Giuliani ha dichiarato: “È stato tutto proditoriamente architettato perché io potessi essere messo a tacere, addirittura con un avviso di garanzia. E ho le prove che è falso” ed ha, anche, aggiunto: “Dal presidente dell’Istituto Nazionale di Geofisica e Vulcanologia Enzo Boschi e da Guido Bertolaso vorrò le scuse per tutti i morti che ci sono stati oggi a l’Aquila: hanno dichiarato il falso domenica scorsa e ho i testimoni. Le loro dichiarazioni sono false. La mia previsione purtroppo era giusta. Figuriamoci se questi (Boschi e Bertolaso, ndr) ascoltano qualcuno. Figuriamoci. Non mi faccia dire di più, già ho un avviso di garanzia in corso”.
Non si è fatta attendere la replica di Boschi che ha precisato come non sia possibile “fare previsioni precise su dove avverranno i terremoti perché c'é una continua variabilità dei parametri. Per il futuro - ha aggiunto - in linea di principio non dovrebbero esserci scosse della portata di quella di stanotte che ha raggiunto una magnitudo 5.8, ma sicuramente osserveremo molte scosse di assestamento, ne sono già state registrate un centinaio”.
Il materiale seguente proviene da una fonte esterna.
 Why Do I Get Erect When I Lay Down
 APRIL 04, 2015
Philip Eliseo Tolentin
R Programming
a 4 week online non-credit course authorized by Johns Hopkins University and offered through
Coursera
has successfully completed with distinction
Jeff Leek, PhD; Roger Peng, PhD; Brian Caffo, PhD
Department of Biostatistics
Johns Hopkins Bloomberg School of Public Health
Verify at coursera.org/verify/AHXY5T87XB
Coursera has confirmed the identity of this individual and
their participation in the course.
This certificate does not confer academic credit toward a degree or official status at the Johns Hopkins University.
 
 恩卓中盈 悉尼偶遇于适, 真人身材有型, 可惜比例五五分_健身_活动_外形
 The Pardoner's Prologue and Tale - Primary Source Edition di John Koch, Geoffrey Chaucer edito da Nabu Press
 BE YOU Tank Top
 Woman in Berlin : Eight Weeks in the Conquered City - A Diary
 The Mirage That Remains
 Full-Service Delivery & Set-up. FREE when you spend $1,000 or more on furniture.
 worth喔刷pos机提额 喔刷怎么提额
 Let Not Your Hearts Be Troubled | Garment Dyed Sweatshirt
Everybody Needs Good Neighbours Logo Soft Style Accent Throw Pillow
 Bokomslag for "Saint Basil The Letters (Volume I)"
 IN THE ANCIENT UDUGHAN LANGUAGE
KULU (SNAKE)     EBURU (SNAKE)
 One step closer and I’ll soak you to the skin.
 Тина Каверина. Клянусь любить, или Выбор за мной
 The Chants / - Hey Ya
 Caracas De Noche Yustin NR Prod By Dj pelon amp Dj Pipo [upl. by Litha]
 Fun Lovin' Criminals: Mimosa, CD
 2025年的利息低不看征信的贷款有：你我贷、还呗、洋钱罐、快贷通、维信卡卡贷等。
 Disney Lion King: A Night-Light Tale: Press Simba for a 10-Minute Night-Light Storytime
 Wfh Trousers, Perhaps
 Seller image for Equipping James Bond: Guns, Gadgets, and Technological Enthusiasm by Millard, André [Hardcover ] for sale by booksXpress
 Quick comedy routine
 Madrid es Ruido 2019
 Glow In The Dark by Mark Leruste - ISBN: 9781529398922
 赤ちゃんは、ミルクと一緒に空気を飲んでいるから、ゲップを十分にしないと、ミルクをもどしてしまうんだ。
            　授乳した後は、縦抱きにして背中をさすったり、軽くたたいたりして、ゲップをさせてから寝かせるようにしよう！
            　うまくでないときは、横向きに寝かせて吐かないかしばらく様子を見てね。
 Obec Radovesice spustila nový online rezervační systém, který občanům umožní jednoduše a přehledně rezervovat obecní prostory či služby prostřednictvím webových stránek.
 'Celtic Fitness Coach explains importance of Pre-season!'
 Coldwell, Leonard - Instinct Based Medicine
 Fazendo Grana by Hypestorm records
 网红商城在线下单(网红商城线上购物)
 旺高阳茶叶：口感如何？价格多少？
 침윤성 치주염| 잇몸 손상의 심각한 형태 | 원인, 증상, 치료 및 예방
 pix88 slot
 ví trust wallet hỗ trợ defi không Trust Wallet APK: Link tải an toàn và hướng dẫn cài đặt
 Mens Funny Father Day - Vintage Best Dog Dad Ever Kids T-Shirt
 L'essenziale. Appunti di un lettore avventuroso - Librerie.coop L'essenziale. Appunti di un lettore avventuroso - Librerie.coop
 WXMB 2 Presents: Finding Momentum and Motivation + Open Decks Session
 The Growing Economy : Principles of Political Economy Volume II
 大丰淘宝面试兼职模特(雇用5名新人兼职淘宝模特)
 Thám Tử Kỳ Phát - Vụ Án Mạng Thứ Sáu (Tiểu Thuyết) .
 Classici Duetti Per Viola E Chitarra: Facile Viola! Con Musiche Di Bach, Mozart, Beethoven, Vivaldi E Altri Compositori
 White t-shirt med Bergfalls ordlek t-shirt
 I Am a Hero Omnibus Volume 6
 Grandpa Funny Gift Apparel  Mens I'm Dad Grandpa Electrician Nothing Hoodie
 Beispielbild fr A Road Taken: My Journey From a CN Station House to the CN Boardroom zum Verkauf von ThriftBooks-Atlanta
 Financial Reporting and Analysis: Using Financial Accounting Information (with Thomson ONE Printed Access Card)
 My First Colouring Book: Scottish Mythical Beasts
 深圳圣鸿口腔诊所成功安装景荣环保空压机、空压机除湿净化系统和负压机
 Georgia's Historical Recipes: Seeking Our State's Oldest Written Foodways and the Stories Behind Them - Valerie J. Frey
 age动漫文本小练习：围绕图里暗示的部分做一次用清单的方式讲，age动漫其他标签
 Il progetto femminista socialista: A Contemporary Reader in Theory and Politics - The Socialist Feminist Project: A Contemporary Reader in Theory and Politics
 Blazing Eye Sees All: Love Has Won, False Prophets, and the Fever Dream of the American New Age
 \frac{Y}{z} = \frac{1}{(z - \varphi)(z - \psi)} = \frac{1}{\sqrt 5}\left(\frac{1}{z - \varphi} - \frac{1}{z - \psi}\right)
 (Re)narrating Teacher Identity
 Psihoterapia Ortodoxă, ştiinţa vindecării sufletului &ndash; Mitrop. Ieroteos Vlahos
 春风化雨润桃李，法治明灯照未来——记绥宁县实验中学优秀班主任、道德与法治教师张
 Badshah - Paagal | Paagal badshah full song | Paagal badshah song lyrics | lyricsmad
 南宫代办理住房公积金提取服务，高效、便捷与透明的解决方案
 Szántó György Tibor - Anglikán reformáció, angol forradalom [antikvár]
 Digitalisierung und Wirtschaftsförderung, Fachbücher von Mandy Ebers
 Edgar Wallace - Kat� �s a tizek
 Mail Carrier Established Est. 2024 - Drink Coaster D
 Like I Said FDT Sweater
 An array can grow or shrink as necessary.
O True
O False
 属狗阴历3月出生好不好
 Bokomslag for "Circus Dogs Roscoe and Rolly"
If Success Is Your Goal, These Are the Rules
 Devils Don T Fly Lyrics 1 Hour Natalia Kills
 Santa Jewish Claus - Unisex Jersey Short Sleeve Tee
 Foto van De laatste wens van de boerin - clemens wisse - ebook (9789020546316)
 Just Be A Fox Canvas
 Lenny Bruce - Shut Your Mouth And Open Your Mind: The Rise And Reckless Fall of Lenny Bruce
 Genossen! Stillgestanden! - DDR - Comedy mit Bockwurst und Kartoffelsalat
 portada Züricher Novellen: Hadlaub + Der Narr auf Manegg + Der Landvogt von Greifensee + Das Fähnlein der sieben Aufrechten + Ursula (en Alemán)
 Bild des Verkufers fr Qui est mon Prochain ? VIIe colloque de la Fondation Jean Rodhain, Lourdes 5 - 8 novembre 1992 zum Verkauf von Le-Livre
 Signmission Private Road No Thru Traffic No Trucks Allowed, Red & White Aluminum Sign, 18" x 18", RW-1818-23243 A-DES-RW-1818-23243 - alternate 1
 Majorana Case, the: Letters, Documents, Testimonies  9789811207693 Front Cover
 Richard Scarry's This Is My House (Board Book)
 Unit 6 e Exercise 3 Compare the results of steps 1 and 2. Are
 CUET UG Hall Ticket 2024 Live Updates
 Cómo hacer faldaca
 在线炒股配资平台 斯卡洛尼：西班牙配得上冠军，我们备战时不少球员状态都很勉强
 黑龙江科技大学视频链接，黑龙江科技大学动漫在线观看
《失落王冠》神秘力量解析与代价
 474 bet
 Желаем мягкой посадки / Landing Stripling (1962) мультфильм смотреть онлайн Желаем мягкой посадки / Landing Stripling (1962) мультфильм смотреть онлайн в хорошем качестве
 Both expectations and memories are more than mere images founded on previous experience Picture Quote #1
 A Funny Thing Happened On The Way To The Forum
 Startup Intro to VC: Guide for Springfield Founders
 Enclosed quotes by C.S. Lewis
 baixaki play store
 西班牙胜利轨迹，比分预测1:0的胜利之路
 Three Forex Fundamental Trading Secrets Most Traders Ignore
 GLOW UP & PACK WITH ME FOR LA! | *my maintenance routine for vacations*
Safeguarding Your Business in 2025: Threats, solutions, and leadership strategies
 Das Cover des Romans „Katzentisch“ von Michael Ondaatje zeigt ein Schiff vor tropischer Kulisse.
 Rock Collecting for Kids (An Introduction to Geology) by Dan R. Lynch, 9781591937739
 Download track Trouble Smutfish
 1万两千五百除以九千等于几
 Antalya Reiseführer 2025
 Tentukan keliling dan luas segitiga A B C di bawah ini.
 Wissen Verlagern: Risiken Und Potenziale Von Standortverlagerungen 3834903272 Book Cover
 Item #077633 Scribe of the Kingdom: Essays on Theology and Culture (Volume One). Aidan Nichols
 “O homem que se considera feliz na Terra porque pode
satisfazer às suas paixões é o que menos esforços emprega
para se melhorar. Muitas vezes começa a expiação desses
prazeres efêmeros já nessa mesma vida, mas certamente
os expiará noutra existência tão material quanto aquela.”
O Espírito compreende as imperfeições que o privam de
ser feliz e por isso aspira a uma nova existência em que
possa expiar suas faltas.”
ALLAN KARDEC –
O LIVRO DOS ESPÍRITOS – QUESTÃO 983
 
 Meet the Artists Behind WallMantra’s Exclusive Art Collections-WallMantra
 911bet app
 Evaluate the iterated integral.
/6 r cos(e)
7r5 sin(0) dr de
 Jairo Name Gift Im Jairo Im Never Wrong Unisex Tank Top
Ma la realtà è che in Italia soltanto un terzo delle abitazioni ubicate nel territorio italiano sono realizzate con criteri antisismici.
Considerando che la prima norma in cui si parla si zone sismiche è la legge 2 febbraio 1974, n. 64 recante “Provvedimenti per le costruzioni con particolari prescrizioni per le zone sismiche” e che secondo dati Istat elaborati dall'Associazione nazionale costruttori edili (Ance), il patrimonio immobiliare ad uso abitativo costruito prima del 1971 è pari a 7,2 milioni edifici, il 63,8% del totale; in questi edifici - precisa l’ANCE - si trovano circa 16.700.000 abitazioni, realizzate fino al 1971, che rappresentano il 61% dello stock abitativo esistente. Tale percentuale deve essere, poi, incrementata di almeno qualche punto considerando le case costruite dal 1972 fino al 1974, portando la percentuale degli immobili costruiti prima della linea di demarcazione del 1974, a oltre il 65%.
Il problema serio non è, quindi legato alle nuove costruzioni che se correttamente realizzate con le norme sismiche susseguitesi dal 1974 ad oggi sarebbero, certamente, in grado di resistere a terremoti come quello dell’Aquila senza provocare morti, ma per il vasto e diffuso patrimonio edilizio realizzato antecedentemente all’applicazione di norme sismiche che non è in condizione, anche per carenze di natura tecnologica (materiali scadenti, cattivi ammorsamenti tra le pareti) di resistere a scosse sismiche.
Dovrebbe, quindi, essere affrontato il problema di una catalogazione di tutto il patrimonio edilizio antecedentemente alle prime norme sismiche del 1974 e della messa in sicurezza di tutto il patrimonio edilizio stesso ricadente nelle zone sismiche già identificate in occasione del terremoto di San Giuliano di Puglia.